### ABOUT THIS TASK
The listing below holds pictures; exclude them. Return exactly the lines from the one with "MTG Singles - Gilded" through the one with "2023 Audi Q5".
EXTRACTED DATA Block Start
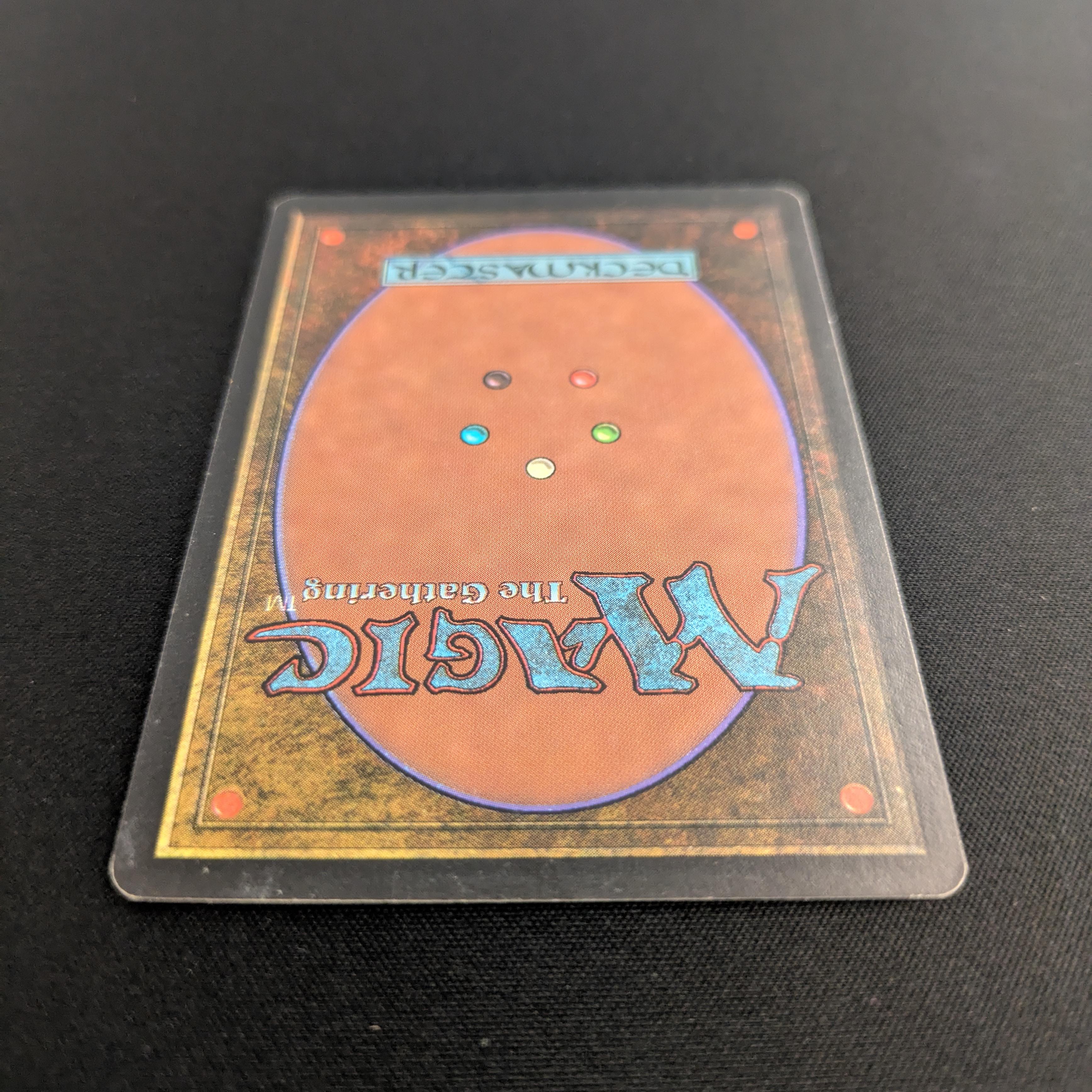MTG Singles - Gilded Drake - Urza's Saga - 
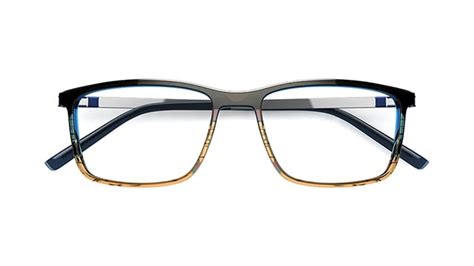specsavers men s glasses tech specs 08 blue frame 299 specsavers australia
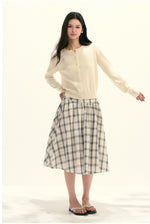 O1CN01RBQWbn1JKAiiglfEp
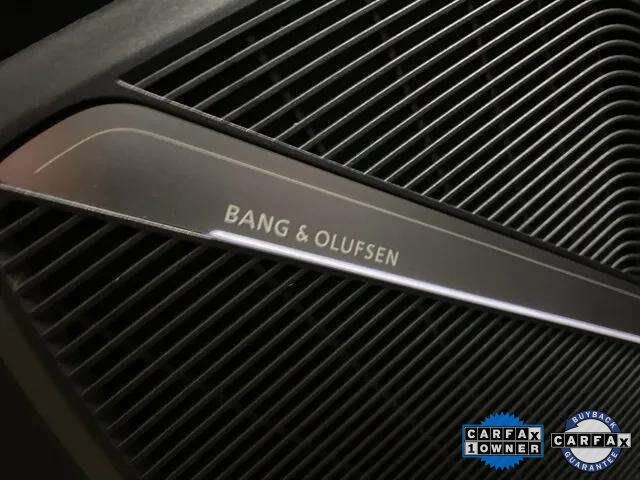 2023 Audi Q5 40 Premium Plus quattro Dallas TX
EXTRACTED DATA Block End
EXTRACTED DATA Block Start
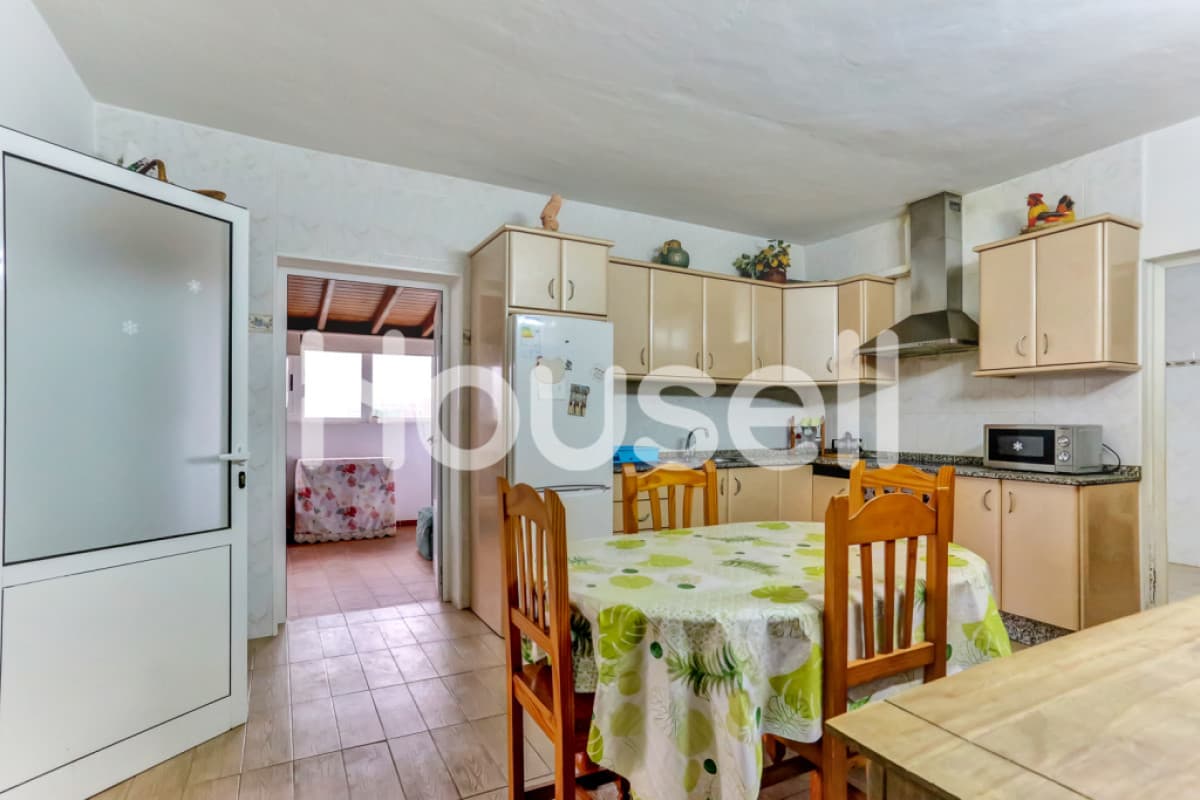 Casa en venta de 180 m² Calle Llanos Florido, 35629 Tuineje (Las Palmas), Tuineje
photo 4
EXTRACTED DATA Block End
### YOUR SOLUTION
MTG Singles - Gilded Drake - Urza's Saga - 
specsavers men s glasses tech specs 08 blue frame 299 specsavers australia
 O1CN01RBQWbn1JKAiiglfEp
 2023 Audi Q5 40 Premium Plus quattro Dallas TX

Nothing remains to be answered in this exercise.